**Provided material**
+ + + +

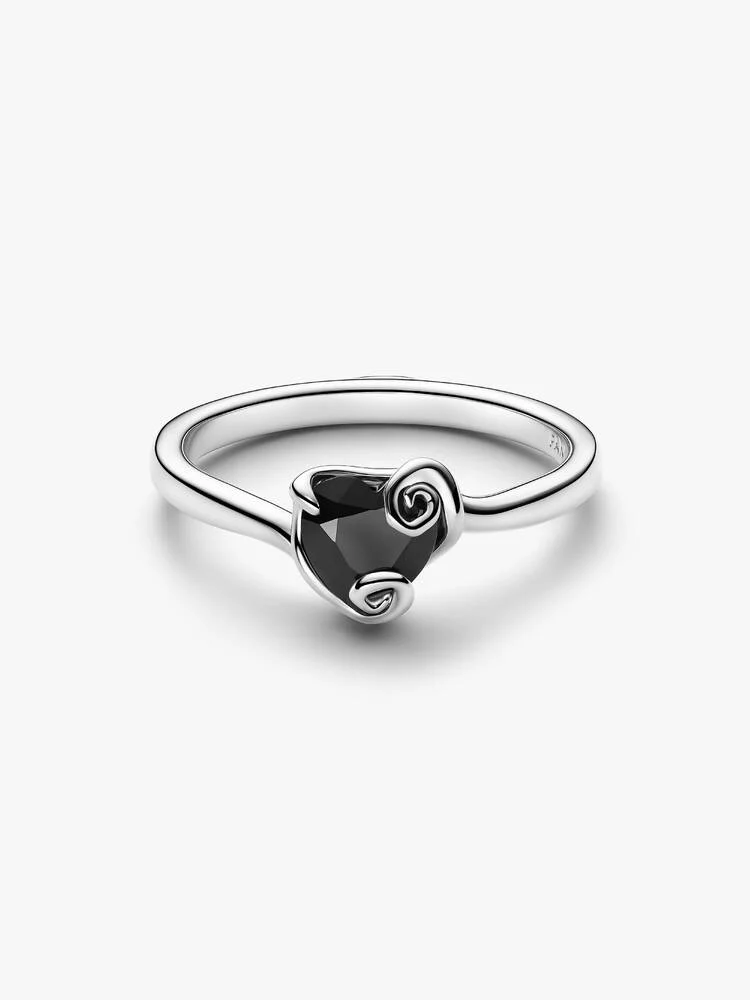 Disney Jack Skellington sterling silver ring with black crystal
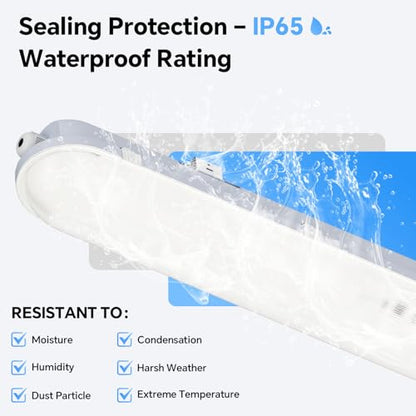 4FT LED Vapor Tight Light 60W 6600LM IP65 5000K Shop Light 4Pack ETL - size: 4 Pack
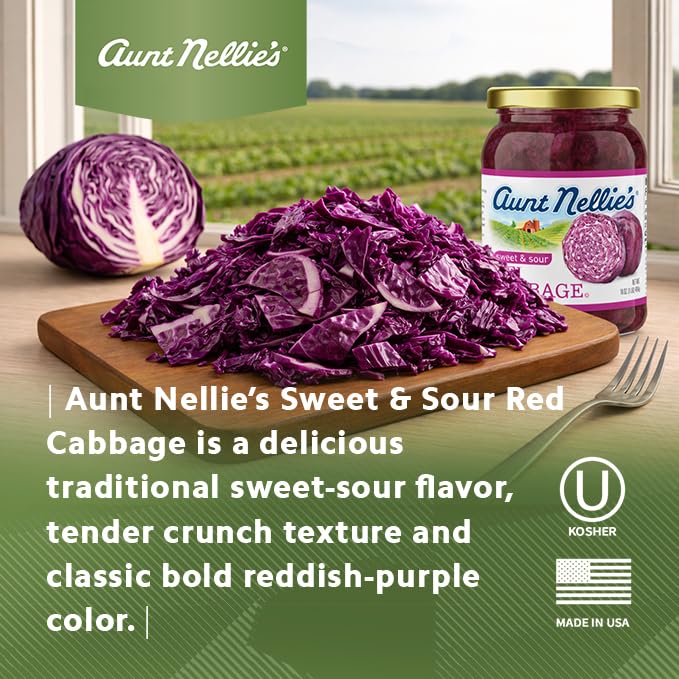Aunt Nellie's Sweet & Sour Red Cabbage taste-texture close-up showing tangy balance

+ + + +

From the line containing "4FT LED Vapor" to the last line of the listing above, transcribe each line exactly, skipping the pictures.

**Written answer**
 4FT LED Vapor Tight Light 60W 6600LM IP65 5000K Shop Light 4Pack ETL - size: 4 Pack
Aunt Nellie's Sweet & Sour Red Cabbage taste-texture close-up showing tangy balance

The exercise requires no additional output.